Yes, I know, these days it’s sriracha “everything,” but stay with me here. This one goes back way before the current craze.
I used to have those bottles of the “Rooster Sauce” on hand at all times. When I really got into growing my own peppers, I made several attempts to replicate it at home. It’s really not that hard to make, and it’s delicious. It’s mainly just a fermented mash of minced peppers with salt like the mix that goes in the crock for my fermented Louisiana-style hot sauce.

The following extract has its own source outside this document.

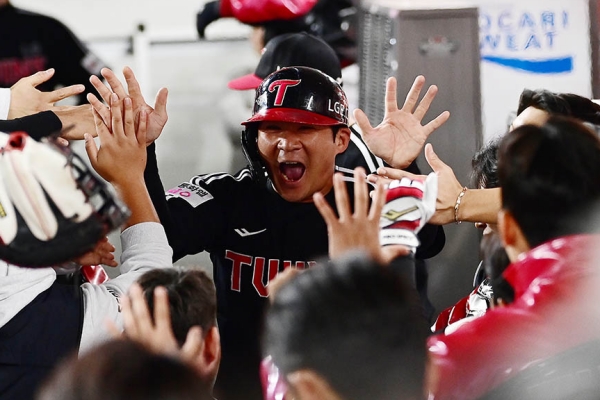 LG가 해냈다! 톨허스트 쾌투+김현수 2타점 'V4' 완성…한화는 안방서 준우승 고배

I’ll leave out the details of one very early experiment from about 20 years ago where, in the interest of “extreme safety,” I decided to pressure can the sauce in small single use jars. The jars were intended for this purpose, and I thought these fancy hexagonal jars would make great gifts. The canning went late into the night, so on the last batch, I hurried the canner in de-pressurizing by running it under cool water. When the pressure seal popped, I removed the lid and started moving the jars to a rack to cool until morning. That’s where things went wrong. The quick change in temperature and pressure caused the thin-walled decorative jars to catastrophically fail. Glass and hot sauce showered the kitchen. I had quite the clean up to do, and fortunately only one small glass puncture in my hand. Enough of that.
I stopped pressure canning sauces and instead began to focus on making sauces shelf stable and able to be packaged in woozy bottles that I sterilize in boiling water before either filling with sufficiently heated sauce or sauce with very low acidity due to fermentation or addition of vinegar. Either way, the sauce has to have enough acid to make sure it will not spoil of ferment in the bottle and make hot sauce grenades.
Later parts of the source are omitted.